Task to complete. Find the line in the entries below that contains "LED oppladbar bordlampe". Repeat it exactly, and every line after it through the line that contains "Ivory And Green Silk Kurta Pants Set".

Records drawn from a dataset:
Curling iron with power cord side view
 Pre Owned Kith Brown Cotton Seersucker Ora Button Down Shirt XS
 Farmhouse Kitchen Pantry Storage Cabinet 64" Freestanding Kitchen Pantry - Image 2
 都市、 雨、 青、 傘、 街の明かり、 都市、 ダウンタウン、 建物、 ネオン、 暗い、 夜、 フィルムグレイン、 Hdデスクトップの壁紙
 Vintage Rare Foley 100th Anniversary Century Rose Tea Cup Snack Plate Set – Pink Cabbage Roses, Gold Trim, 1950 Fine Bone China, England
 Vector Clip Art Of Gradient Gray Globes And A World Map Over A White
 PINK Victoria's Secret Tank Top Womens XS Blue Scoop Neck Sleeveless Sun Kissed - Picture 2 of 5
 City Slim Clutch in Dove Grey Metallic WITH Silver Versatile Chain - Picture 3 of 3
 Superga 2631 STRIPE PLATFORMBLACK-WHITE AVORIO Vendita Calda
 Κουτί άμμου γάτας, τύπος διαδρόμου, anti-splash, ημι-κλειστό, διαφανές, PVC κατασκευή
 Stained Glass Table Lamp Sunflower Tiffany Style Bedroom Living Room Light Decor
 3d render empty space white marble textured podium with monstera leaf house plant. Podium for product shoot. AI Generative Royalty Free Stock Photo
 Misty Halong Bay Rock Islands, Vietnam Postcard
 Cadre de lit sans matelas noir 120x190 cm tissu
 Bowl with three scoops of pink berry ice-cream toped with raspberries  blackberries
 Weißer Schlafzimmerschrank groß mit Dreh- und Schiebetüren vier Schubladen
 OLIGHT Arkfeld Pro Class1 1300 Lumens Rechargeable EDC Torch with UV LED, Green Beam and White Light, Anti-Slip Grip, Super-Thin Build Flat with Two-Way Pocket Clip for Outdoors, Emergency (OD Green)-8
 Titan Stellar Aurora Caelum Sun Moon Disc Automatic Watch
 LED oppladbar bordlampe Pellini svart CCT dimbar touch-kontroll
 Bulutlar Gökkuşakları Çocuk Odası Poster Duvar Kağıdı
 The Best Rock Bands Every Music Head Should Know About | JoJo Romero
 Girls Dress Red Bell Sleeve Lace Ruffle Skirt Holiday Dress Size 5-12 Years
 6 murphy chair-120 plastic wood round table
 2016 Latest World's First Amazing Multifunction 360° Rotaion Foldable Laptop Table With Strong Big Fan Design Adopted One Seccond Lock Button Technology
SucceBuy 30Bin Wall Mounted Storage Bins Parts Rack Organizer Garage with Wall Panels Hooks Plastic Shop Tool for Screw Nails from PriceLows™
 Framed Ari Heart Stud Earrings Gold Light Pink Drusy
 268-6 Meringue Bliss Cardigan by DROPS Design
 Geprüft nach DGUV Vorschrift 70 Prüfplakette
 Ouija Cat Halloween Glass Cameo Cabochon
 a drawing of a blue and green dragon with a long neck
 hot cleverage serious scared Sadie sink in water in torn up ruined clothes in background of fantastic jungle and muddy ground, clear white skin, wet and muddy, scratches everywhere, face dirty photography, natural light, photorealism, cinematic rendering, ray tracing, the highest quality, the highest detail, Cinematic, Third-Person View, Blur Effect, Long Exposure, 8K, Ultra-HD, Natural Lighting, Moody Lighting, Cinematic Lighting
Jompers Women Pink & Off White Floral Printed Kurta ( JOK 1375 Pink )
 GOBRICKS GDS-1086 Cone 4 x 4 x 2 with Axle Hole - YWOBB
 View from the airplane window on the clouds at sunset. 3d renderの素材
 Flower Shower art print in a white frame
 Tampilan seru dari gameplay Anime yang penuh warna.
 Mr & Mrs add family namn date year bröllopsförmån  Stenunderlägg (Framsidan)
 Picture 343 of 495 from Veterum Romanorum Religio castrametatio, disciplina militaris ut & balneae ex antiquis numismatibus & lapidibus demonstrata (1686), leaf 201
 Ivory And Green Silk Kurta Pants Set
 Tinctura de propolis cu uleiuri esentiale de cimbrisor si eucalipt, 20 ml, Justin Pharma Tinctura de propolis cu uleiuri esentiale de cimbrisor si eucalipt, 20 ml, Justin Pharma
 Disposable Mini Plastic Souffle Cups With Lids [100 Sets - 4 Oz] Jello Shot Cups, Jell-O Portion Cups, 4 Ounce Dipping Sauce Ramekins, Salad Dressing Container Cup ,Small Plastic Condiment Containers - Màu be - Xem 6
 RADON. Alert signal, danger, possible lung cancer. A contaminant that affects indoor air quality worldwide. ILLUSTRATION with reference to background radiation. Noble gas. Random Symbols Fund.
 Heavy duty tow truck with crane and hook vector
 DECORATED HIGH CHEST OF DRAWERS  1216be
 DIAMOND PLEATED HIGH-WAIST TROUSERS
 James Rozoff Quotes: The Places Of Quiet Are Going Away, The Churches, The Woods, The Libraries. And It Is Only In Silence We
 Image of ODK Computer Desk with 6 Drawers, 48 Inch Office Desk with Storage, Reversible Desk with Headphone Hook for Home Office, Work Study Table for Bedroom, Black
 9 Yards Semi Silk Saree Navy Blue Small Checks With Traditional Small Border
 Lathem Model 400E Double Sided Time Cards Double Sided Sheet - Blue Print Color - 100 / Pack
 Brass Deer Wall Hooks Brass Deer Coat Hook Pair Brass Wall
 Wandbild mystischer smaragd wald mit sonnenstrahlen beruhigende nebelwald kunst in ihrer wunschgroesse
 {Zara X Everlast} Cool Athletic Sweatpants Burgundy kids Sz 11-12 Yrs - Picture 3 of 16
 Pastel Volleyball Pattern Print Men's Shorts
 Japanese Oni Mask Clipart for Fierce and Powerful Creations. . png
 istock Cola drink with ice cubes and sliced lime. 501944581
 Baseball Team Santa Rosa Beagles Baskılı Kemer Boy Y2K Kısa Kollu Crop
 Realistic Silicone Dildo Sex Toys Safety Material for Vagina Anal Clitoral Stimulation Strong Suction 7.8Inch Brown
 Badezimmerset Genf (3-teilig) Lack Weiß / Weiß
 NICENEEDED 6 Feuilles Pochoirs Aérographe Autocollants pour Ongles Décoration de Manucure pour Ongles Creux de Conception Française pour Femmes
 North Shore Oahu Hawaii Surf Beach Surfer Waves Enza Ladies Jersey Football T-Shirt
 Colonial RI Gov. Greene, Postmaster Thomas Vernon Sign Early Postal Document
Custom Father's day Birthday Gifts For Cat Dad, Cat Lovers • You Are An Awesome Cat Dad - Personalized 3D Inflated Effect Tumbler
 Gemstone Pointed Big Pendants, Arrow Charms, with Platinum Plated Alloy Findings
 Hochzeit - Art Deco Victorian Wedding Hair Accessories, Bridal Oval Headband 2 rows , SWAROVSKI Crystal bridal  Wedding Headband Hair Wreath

Answer area.
 LED oppladbar bordlampe Pellini svart CCT dimbar touch-kontroll
 Bulutlar Gökkuşakları Çocuk Odası Poster Duvar Kağıdı
 The Best Rock Bands Every Music Head Should Know About | JoJo Romero
 Girls Dress Red Bell Sleeve Lace Ruffle Skirt Holiday Dress Size 5-12 Years
 6 murphy chair-120 plastic wood round table
 2016 Latest World's First Amazing Multifunction 360° Rotaion Foldable Laptop Table With Strong Big Fan Design Adopted One Seccond Lock Button Technology
SucceBuy 30Bin Wall Mounted Storage Bins Parts Rack Organizer Garage with Wall Panels Hooks Plastic Shop Tool for Screw Nails from PriceLows™
 Framed Ari Heart Stud Earrings Gold Light Pink Drusy
 268-6 Meringue Bliss Cardigan by DROPS Design
 Geprüft nach DGUV Vorschrift 70 Prüfplakette
 Ouija Cat Halloween Glass Cameo Cabochon
 a drawing of a blue and green dragon with a long neck
 hot cleverage serious scared Sadie sink in water in torn up ruined clothes in background of fantastic jungle and muddy ground, clear white skin, wet and muddy, scratches everywhere, face dirty photography, natural light, photorealism, cinematic rendering, ray tracing, the highest quality, the highest detail, Cinematic, Third-Person View, Blur Effect, Long Exposure, 8K, Ultra-HD, Natural Lighting, Moody Lighting, Cinematic Lighting
Jompers Women Pink & Off White Floral Printed Kurta ( JOK 1375 Pink )
 GOBRICKS GDS-1086 Cone 4 x 4 x 2 with Axle Hole - YWOBB
 View from the airplane window on the clouds at sunset. 3d renderの素材
 Flower Shower art print in a white frame
 Tampilan seru dari gameplay Anime yang penuh warna.
 Mr & Mrs add family namn date year bröllopsförmån  Stenunderlägg (Framsidan)
 Picture 343 of 495 from Veterum Romanorum Religio castrametatio, disciplina militaris ut & balneae ex antiquis numismatibus & lapidibus demonstrata (1686), leaf 201
 Ivory And Green Silk Kurta Pants Set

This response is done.